| What is being asked |
Retype the listing found below exactly, but leave out each picture.

| Record excerpts |

[Start of section]

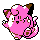 clefairy — gold silver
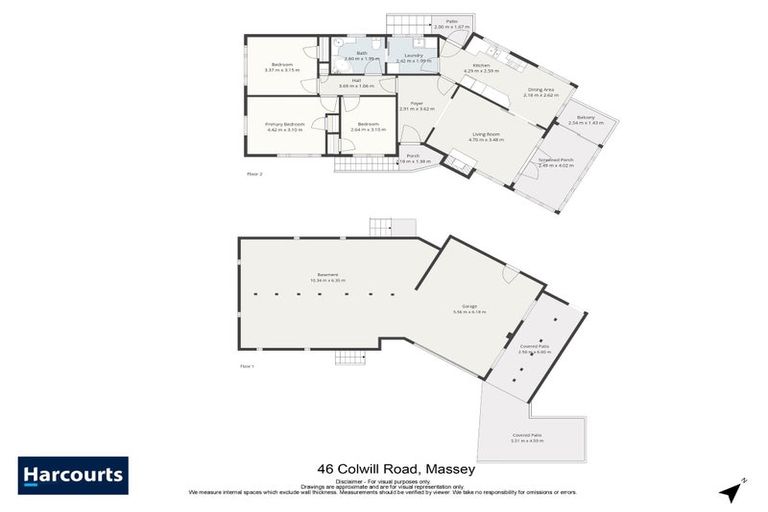 Photo of property in 46 Colwill Road, Massey, Auckland, 0614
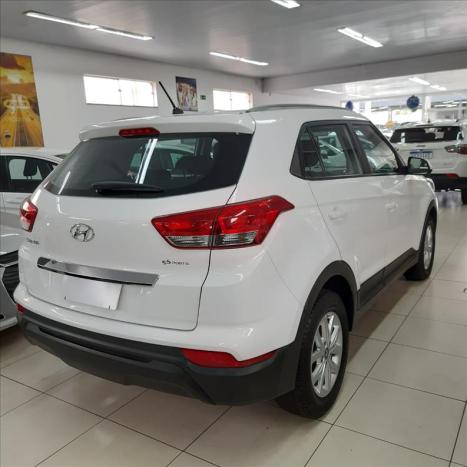 HYUNDAI Creta 1.6 16V 4P FLEX ACTION AUTOMTICO, Foto 4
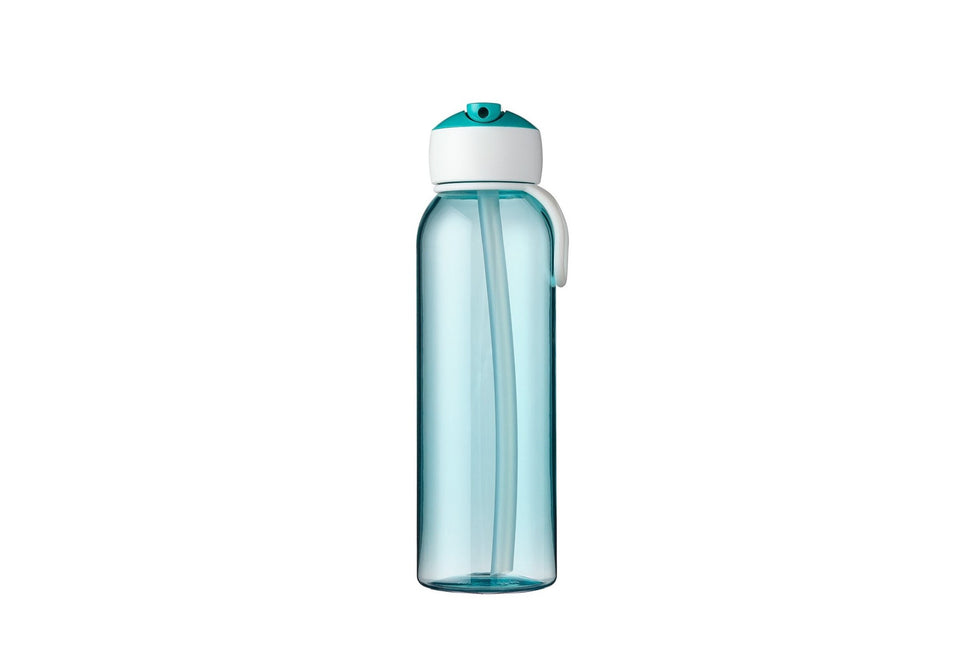 <tc>Mepal</tc> Bouteille d'eau Child Flip-Up Campus 500ml Turquoise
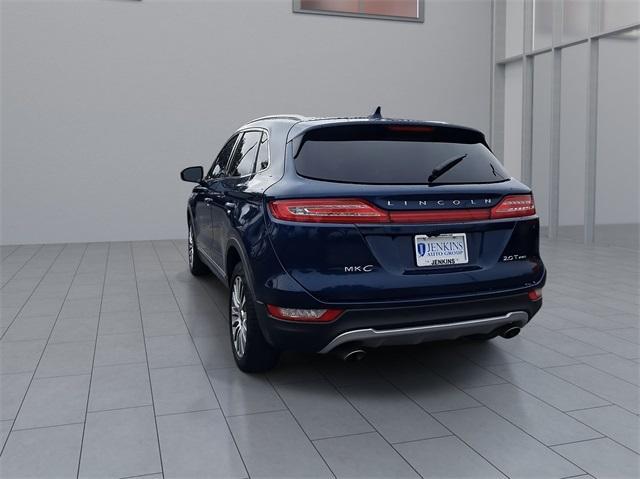 used 2017 Lincoln MKC car, priced at $15,977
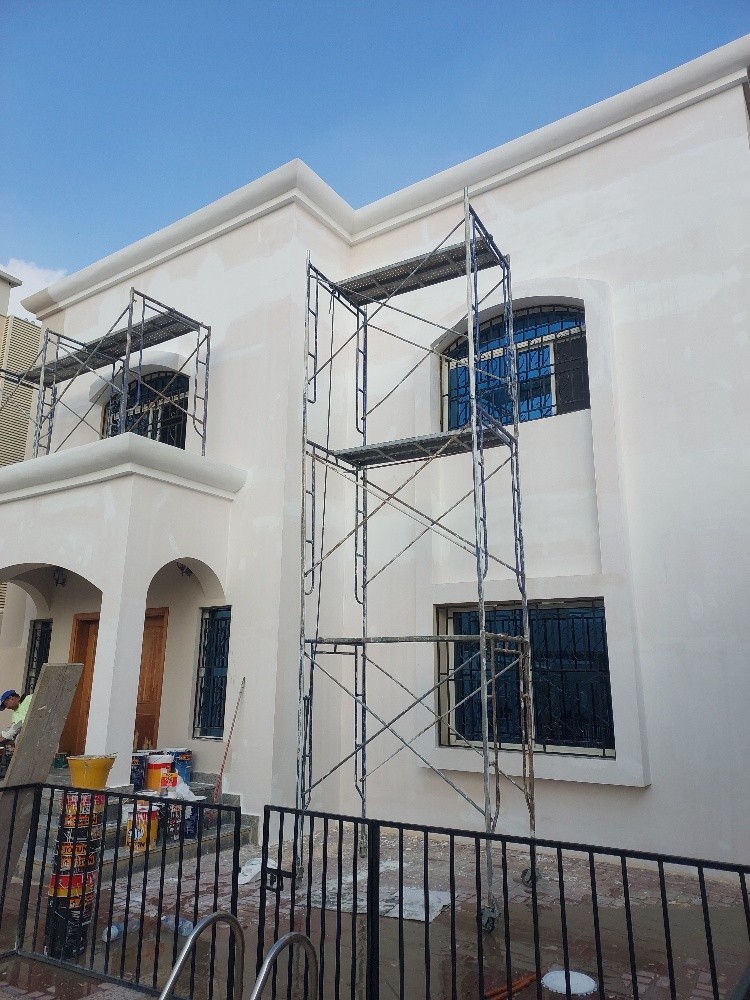 we are doing All maintenance work - 3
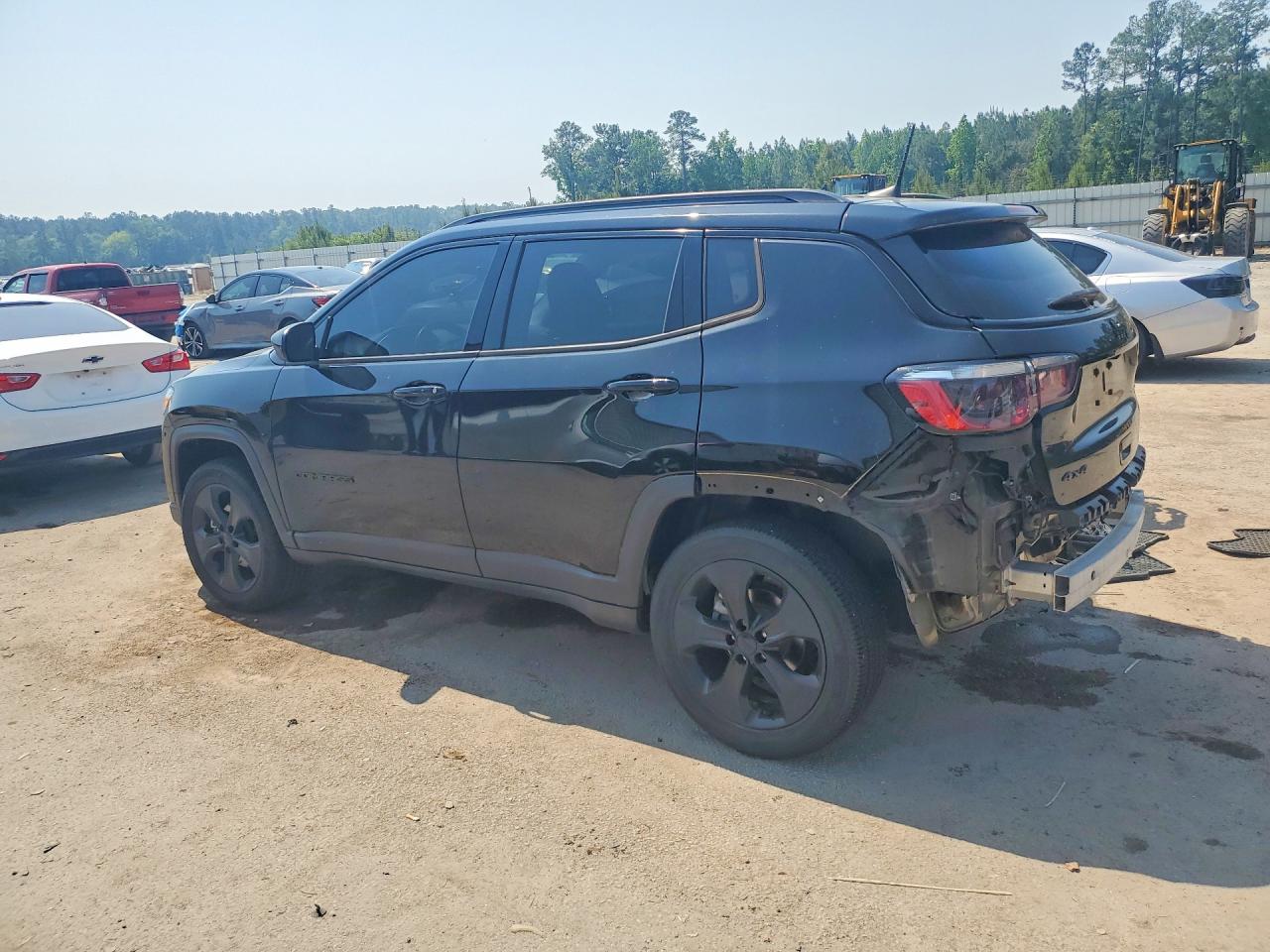 Jeep Compass Latitude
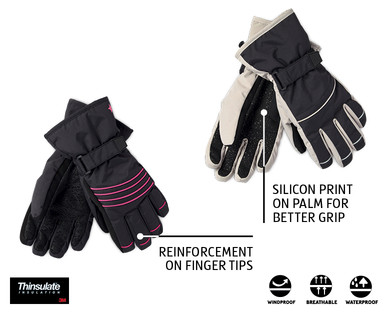Children's Snowboard Gloves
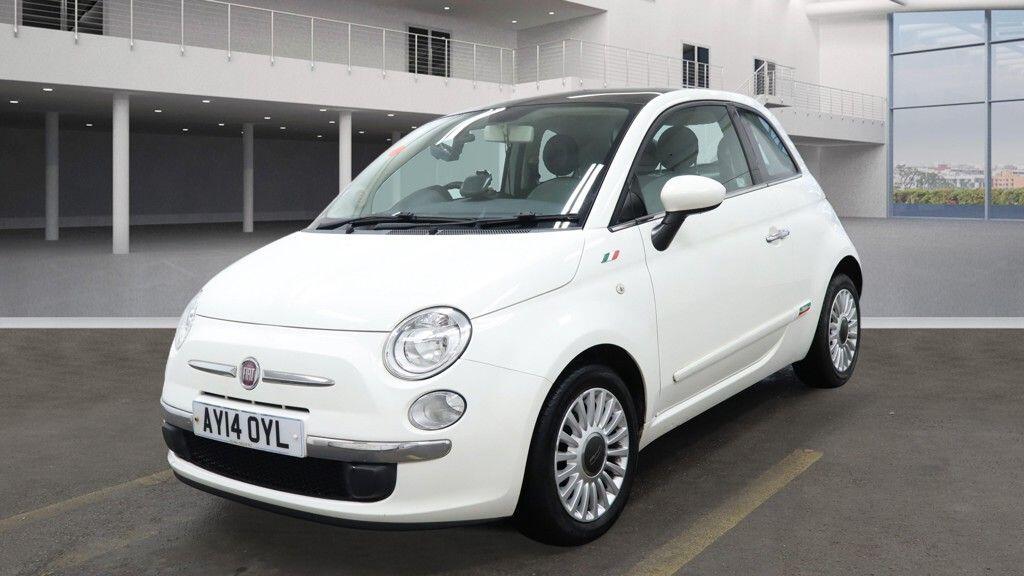 Used Fiat 500 2014 for sale - 77351368: Photo 2
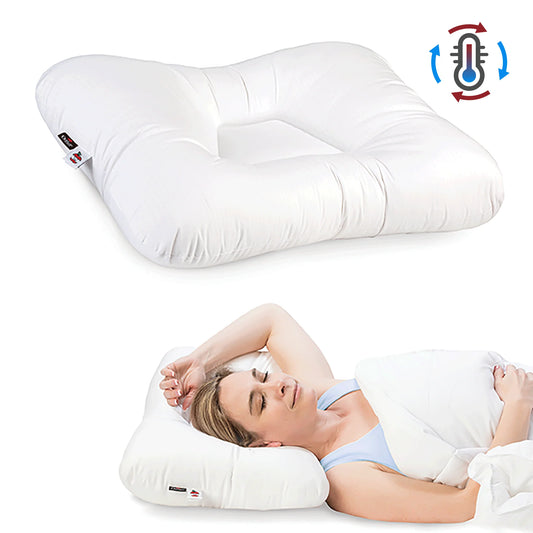 Tri-Core Comfort Zone Pillow - Standard - Save On Medical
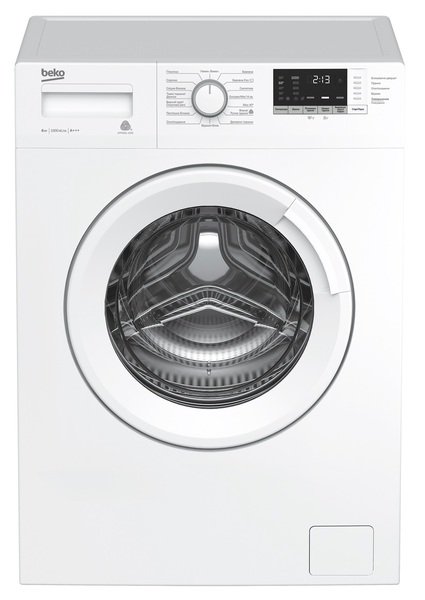 

Стиральная машина Beko WRE6512BWWPT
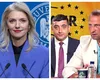 Alina Gorghiu: Nu se pune problema ieşirii PNL de la guvernare/ Viorel Cataramă aruncă bomba: Soluția pentru România ar fi un guvern PNL-AUR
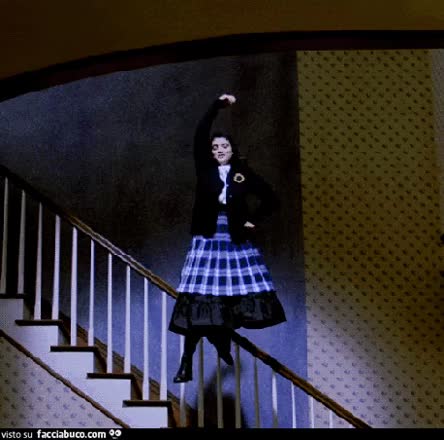 Ascensione/2 Beetlejuice, Winona Ryder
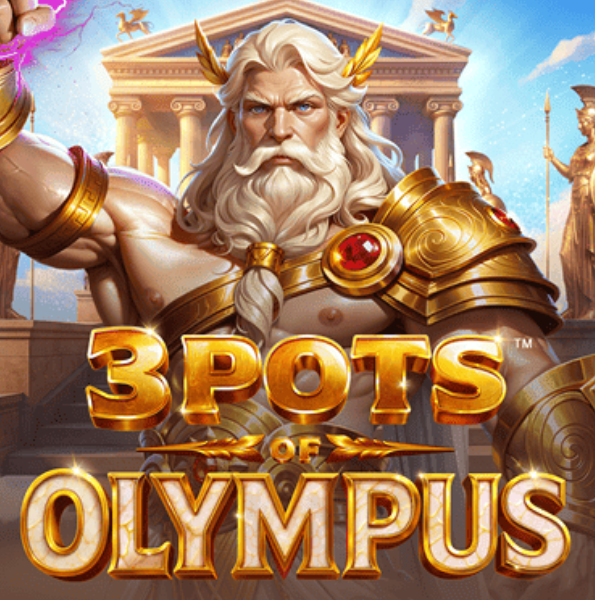 3 Pots of Olympus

[End of section]

| Written reply |
 clefairy — gold silver
 Photo of property in 46 Colwill Road, Massey, Auckland, 0614
 HYUNDAI Creta 1.6 16V 4P FLEX ACTION AUTOMTICO, Foto 4
 <tc>Mepal</tc> Bouteille d'eau Child Flip-Up Campus 500ml Turquoise
 used 2017 Lincoln MKC car, priced at $15,977
 we are doing All maintenance work - 3
 Jeep Compass Latitude
Children's Snowboard Gloves
 Used Fiat 500 2014 for sale - 77351368: Photo 2
 Tri-Core Comfort Zone Pillow - Standard - Save On Medical

Стиральная машина Beko WRE6512BWWPT
 Alina Gorghiu: Nu se pune problema ieşirii PNL de la guvernare/ Viorel Cataramă aruncă bomba: Soluția pentru România ar fi un guvern PNL-AUR
 Ascensione/2 Beetlejuice, Winona Ryder
 3 Pots of Olympus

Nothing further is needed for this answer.